Jangan ada yang mengatakan bahwa hal itu boleh-boleh saja karena berisi sholawat dan doa kepada sahabat yang merupakan amalan baik dengan kesepakatan ulama, itu memang benar tetapi masalahnya manusia menganggapnya sebagai syi’ar sholat tarawih padahal itu merupakan tipu daya Iblis kepada mereka.

Bagaimana mereka menganggap baik sesuatu yang tidak ada ajarannya dalam agama, padahal hal itu diingkari secara keras oleh Imam Syafi’I tatkala berkata:

مَنِ اسْتَحْسَنَ فَقَدْ شَرَعَ
Barangsiapa yang istihsan maka ia telah membuat syari’at.[16]
Asy-Syaukani berkata: “Maksud istihsan adalah ia menetapkan suatu syariat yang tidak syar’i dari pribadinya sendiri”.[17]

Jadi, ritual ini termasuk kebid’ahan yang harus diwaspadai dan ditinggalkan.[18]

6. Tadarrus al-Qur’an berjama’ah dengan pengeras suara

Pada dasarnya kita dianjurkan untuk banyak membaca Al-Qur’an di bulan ini.

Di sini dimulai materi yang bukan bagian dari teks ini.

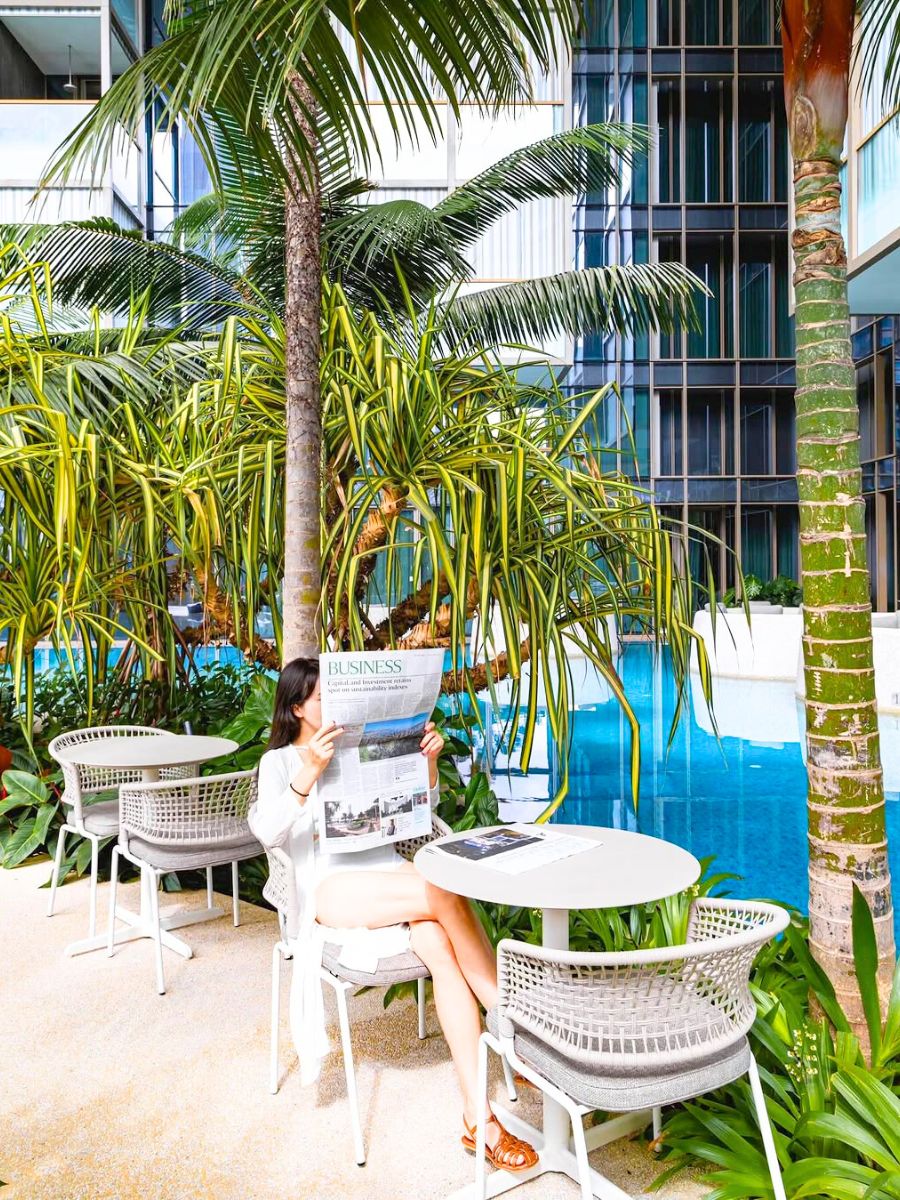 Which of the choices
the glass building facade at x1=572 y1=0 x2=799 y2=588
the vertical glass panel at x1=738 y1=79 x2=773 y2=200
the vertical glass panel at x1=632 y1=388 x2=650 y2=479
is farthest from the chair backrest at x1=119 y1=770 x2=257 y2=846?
the vertical glass panel at x1=738 y1=79 x2=773 y2=200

Namun ritual Tadarus al-Qur’an berjama’ah yang biasa dilakukan oleh keum muslimin di masjid dengan mengeraskan suara adalah suatu hal yang perlu diluruskan.

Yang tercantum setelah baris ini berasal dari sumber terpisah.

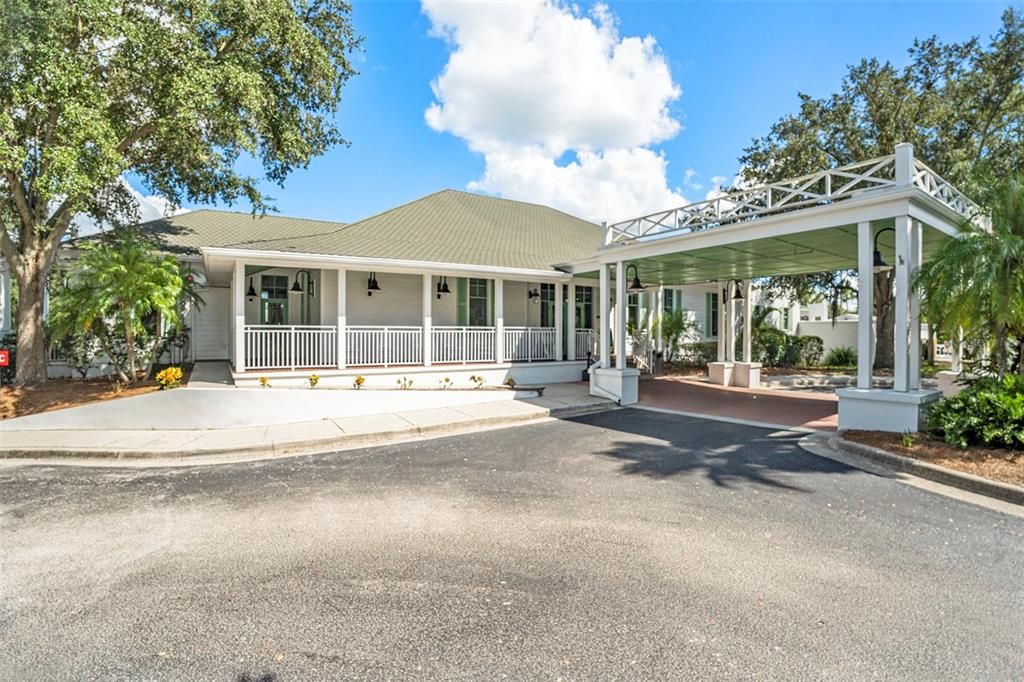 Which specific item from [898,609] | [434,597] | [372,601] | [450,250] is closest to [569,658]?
[434,597]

Membaca al-Qur’an termasuk ibadah mulia yang diharapkan dengannya dapat dipahami dan diamalkan kandungannya serta dilakukan sesuai tuntunan Nabi n\ yaitu dengan suara pelan dan merendahkan diri karena itu lebih menjauhkan seseorang dari riya’ dan mendekatkan seseorang kepada Robbnya. Alloh Ta’ala berfirman:

ادْعُوا رَبَّكُمْ تَضَرُّعًا وَخُفْيَةً ۚ إِنَّهُ لَا يُحِبُّ الْمُعْتَدِينَ 
Berdo’alah kepada Tuhanmu dengan berendah diri dan suara yang lembut. Sesungguhnya Alloh tidak menyukai orang-orang yang melampaui batas. (QS. Al-A’rof [7]: 55)

Rosululloh n\ pernah menegur sebagian sahabat yang berdo’a atau berdzikir dengan suara keras dengan perkataan beliau:

يَا أَيُّهَا النَّاسُ ، ارْبَعُوا عَلَى أَنْفُسِكُمْ ، فَإِنَّكُمْ لاَ تَدْعُونَ أَصَمَّ وَلاَ غَائِبًا ، إِنَّهُ مَعَكُمْ ، إِنَّهُ سَمِيعٌ قَرِيبٌ ، تَبَارَكَ اسْمُهُ وَتَعَالَى جَدُّهُ
Wahai manusia, kasihanilah dirimu! Sesungguhnya kalian tidaklah berdo’a kepada Dzat yang tuli dan tidak ada, sesungguhnya Ia bersama kalian dan sesungguhnya Alloh Maha Mendengar dan Maha Dekat, Maha Suci NamaNya dan Maha Tinggi KemuliaanNya. (HR. al-Bukhori 2292, Muslim 2704)

Terlebih lagi apabila ibadah mulia ini dilakukan dengan cara campur-baurnya laki-laki dan perempuan yang bukan mahrom dan tidak halal untuk saling melihat. Apakah ini ibadah atau permainan?! Wallohul Muwaffiq.[19]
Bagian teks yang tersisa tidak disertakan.